* **What to produce**: Although the data below holds other lines too, output only those from the line with "开云网站：火山引擎发布豆包大模型18于50万亿token洪流中建设AI时代底座" up to and including the line with "Сколько масла надо в коробку нива", exactly as they appear.

[Short descriptive text snippets]
<<<<

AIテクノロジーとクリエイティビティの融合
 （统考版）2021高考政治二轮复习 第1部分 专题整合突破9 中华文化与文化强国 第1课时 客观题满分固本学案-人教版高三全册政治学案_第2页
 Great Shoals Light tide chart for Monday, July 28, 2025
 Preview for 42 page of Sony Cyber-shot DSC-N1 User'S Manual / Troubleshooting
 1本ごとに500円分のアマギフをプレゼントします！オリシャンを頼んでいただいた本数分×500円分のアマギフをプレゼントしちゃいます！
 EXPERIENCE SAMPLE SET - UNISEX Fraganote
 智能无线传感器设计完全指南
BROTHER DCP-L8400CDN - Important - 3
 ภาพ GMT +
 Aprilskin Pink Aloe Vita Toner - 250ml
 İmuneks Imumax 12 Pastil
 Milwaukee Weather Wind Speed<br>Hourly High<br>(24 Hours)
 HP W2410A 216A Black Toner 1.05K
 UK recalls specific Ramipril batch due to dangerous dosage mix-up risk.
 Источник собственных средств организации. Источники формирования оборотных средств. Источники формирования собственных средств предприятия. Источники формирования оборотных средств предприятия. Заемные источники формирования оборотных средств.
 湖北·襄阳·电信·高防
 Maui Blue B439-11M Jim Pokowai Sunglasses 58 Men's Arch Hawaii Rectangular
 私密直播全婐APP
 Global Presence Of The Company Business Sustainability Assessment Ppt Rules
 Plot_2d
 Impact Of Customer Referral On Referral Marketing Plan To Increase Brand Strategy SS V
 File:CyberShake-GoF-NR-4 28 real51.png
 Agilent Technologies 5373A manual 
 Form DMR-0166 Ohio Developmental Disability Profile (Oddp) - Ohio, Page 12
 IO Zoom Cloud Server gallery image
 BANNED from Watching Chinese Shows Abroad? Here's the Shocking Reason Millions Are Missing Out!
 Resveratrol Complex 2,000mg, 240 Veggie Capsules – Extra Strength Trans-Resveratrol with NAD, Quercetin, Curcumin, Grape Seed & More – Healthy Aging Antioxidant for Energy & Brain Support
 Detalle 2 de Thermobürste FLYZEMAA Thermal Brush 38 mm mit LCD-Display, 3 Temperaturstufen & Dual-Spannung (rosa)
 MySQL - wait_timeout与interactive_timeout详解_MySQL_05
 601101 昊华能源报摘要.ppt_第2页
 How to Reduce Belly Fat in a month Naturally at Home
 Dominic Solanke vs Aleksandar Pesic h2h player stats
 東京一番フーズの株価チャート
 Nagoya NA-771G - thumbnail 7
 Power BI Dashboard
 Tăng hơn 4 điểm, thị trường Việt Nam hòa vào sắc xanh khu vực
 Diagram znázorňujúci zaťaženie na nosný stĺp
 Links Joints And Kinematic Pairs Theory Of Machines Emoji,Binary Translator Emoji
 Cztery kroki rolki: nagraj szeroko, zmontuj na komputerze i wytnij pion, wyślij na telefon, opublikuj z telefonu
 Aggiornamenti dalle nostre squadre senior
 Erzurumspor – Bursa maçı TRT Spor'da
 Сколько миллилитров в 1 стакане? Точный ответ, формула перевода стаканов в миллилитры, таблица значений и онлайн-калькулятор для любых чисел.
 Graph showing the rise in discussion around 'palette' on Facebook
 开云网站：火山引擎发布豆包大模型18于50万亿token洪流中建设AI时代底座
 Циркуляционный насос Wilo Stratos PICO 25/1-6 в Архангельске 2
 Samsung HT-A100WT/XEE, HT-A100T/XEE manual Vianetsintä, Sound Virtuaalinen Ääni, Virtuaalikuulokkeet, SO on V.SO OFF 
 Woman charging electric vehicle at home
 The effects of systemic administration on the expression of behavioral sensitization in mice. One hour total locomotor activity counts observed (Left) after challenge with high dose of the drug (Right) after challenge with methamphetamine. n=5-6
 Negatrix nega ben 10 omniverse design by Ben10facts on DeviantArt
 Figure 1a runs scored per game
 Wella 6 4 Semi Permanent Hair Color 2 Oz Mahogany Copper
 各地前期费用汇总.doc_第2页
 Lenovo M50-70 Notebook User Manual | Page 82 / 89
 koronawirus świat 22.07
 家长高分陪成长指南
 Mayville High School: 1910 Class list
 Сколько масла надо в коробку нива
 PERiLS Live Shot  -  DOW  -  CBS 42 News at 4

>>>>

* **Task solution**:
 开云网站：火山引擎发布豆包大模型18于50万亿token洪流中建设AI时代底座
 Циркуляционный насос Wilo Stratos PICO 25/1-6 в Архангельске 2
 Samsung HT-A100WT/XEE, HT-A100T/XEE manual Vianetsintä, Sound Virtuaalinen Ääni, Virtuaalikuulokkeet, SO on V.SO OFF 
 Woman charging electric vehicle at home
 The effects of systemic administration on the expression of behavioral sensitization in mice. One hour total locomotor activity counts observed (Left) after challenge with high dose of the drug (Right) after challenge with methamphetamine. n=5-6
 Negatrix nega ben 10 omniverse design by Ben10facts on DeviantArt
 Figure 1a runs scored per game
 Wella 6 4 Semi Permanent Hair Color 2 Oz Mahogany Copper
 各地前期费用汇总.doc_第2页
 Lenovo M50-70 Notebook User Manual | Page 82 / 89
 koronawirus świat 22.07
 家长高分陪成长指南
 Mayville High School: 1910 Class list
 Сколько масла надо в коробку нива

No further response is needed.